*Stored data*:
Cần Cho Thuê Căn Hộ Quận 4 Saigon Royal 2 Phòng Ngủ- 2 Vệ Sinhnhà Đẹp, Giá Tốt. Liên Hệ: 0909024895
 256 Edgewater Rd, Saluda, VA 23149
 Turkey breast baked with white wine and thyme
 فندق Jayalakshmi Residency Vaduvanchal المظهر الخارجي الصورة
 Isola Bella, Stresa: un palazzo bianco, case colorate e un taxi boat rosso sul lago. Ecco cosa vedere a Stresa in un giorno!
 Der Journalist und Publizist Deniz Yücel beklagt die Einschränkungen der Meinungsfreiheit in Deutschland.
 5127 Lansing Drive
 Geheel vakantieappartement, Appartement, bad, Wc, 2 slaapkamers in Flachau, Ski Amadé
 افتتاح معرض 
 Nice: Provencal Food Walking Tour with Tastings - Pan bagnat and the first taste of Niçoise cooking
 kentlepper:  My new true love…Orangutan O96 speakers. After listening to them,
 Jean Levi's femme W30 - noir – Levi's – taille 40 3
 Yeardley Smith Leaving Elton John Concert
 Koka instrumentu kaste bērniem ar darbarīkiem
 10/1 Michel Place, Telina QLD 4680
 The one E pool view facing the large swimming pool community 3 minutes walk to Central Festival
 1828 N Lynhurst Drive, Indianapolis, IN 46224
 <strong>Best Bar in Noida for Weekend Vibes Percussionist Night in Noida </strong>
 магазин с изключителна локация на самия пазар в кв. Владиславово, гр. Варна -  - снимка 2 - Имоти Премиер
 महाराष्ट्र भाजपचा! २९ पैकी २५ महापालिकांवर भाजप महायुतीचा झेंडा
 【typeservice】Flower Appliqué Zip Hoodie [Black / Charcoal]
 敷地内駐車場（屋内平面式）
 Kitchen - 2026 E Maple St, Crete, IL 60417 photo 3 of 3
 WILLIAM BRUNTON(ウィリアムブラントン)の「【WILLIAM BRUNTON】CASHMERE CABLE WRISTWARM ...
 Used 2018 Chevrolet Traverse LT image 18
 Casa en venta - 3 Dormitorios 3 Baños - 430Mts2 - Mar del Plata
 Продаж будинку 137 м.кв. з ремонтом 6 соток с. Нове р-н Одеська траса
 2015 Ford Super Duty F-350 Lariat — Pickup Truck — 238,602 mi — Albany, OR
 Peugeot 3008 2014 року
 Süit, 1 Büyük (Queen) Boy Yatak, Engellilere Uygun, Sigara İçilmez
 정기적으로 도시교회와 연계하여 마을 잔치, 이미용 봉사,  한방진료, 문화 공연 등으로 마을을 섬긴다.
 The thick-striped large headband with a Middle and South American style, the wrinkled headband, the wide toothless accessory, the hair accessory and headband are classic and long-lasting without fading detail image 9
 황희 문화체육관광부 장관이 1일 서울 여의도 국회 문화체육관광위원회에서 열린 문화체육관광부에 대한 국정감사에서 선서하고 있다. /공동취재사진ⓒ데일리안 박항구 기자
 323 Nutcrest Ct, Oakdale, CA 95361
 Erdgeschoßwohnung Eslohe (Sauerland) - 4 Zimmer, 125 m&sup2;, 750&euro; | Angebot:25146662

*Task description*: Quote the data above from the line containing "1828 N Lynhurst" to the line containing "WILLIAM BRUNTON(ウィリアムブラントン)の「【WILLIAM BRUNTON】CASHMERE", inclusive, and stop.

*Solution*:
 1828 N Lynhurst Drive, Indianapolis, IN 46224
 <strong>Best Bar in Noida for Weekend Vibes Percussionist Night in Noida </strong>
 магазин с изключителна локация на самия пазар в кв. Владиславово, гр. Варна -  - снимка 2 - Имоти Премиер
 महाराष्ट्र भाजपचा! २९ पैकी २५ महापालिकांवर भाजप महायुतीचा झेंडा
 【typeservice】Flower Appliqué Zip Hoodie [Black / Charcoal]
 敷地内駐車場（屋内平面式）
 Kitchen - 2026 E Maple St, Crete, IL 60417 photo 3 of 3
 WILLIAM BRUNTON(ウィリアムブラントン)の「【WILLIAM BRUNTON】CASHMERE CABLE WRISTWARM ...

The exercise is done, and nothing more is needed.